UNIVERSAL PICTURES (2018)
Director: Damien Chazelle
Starring: Ryan Gosling, Claire Foy, Corey Stoll, Jason Clarke, Kyle Chandler, Pablo Schreiber, Lukas Haas, Patrick Fugit
When there’s a female President, the story regarding her husband will have to find a new title.
Having wowed the Academy with the excellent Whiplash and the sublime La La Land , Damien Chazelle’s next project is to take us higher still – about 240,000 miles higher, in fact. First Man focuses on the man who made those historic first steps on the moon’s surface, Neil Armstrong, and his journey between 1961-1969 from engineer to an eternal icon.
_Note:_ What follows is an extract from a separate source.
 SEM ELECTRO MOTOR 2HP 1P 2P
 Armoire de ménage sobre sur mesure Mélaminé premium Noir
Everyone knows how the story ends, similarly to Titanic and Infinity War (…wait), so Chazelle’s biggest challenge was to create something interesting and intriguing with the material (based on James R. Hansen’s official biography First Man: The Life of Neil A. Armstrong) to keep the audience engaged up until the main event during the movies final act. Rather than focusing on the moon landing itself, Chazelle opts for a character study of Armstrong and his family, including their struggles with grief over the loss of their young daughter, stress and doubt, coupled with the growing backlash from the government and nation regarding the space race and the extreme amounts of money that were thrown at it. Reteaming with Ryan Gosling, leading First Man as Neil Armstrong, and with Claire Foy as Janet Armstrong, the movie is anchored by two dependably strong performances. Gosling’s near-trademark understated approach works just fine here as the introverted Armstrong and Foy is excellent as the struggling mother and wife – but rest assured, there are no clichés in the characters and their labels. By focusing on the family, the movie is gifted some real emotional heft, especially in the movies latter moments.
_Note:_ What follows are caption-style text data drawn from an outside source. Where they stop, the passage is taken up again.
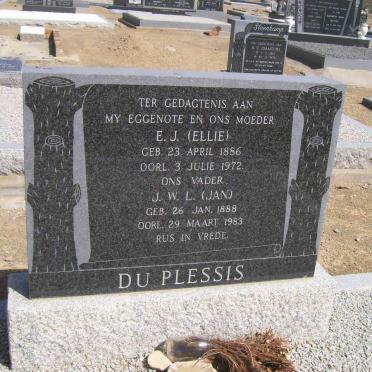 PLESSIS E.J., du 1886-1972 &amp; J.W.L. 1888-1983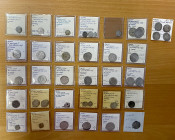 AYYUBID: al-Nasir Yusuf II, 1236-1259, LOT of 27 silver dirhams and 14 halves, from the mint of Dimashq, controlled by Yusuf II AH648-658, including f...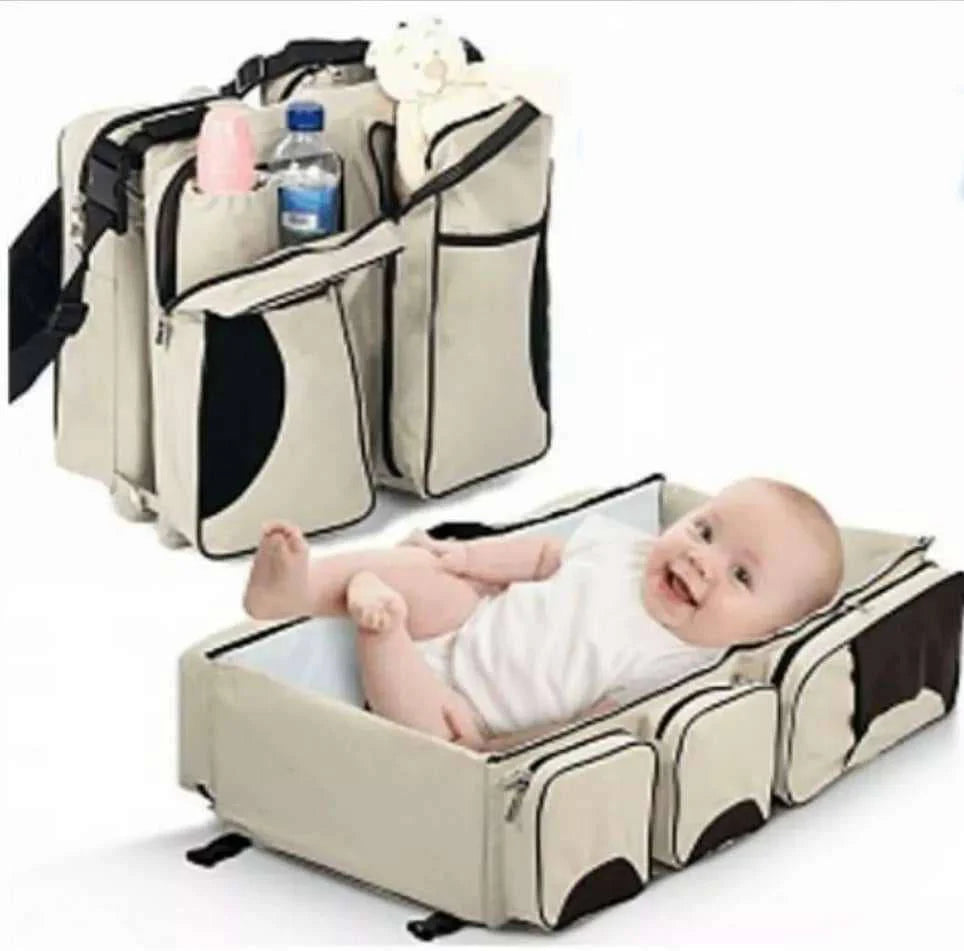 Baby Bed And Bag With Net - Travel Made Easy For Parents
Technically speaking, First Man is immense. The cinematography is superb, the camerawork engaging (the tightly framed, near claustrophobics shot of Armstrong are hugely effective) and the sound design brutally realised – every shaking piece of metal is captured, every thud and scrape feels close to home and the use of dead silence is powerful. Really powerful. Fuelled by a sublime score from Justin Hurwitz, there’s a real Kubrickian feel to parts of the movie. The music bobs, weaves and pulses with an ethereal grandeur and is one of the standout elements of the entire picture.
Whilst Gosling’s performance suits the man he is portraying, it’s fair to say Armstrong wasn’t the most charismatic of people – he was an engineer and an astronaut, his job wasn’t to sell celebrity. It’s Foy as Janet that really keeps the movie's momentum in the times that it begins to sag – and there are a few of those moments in the long duration. It’s a purposely paced movie, it takes its time, but certain elements didn’t feel anywhere near as vital as others. When it needed to, however, the movie ramped up to mach speed and the chaotic moments felt visceral and packed a punch – this was one of the most dangerous missions in history with a huge and hazardous testing process just to get it hopefully right.
When it comes to characters and emotion, Chazelle really does nail it. The emotion-packed moon landing was beautiful, mesmerising and laced with sadness all at once – ignore Trump’s whining about the lack of flag planting, we don’t need to see it and there’s plenty of stars and stripes throughout. When it soared, it really did soar, but the feeling that something was missing hangs over the majority of First Man. It just misses out on being out of this world, but it’s still one hell of a ride.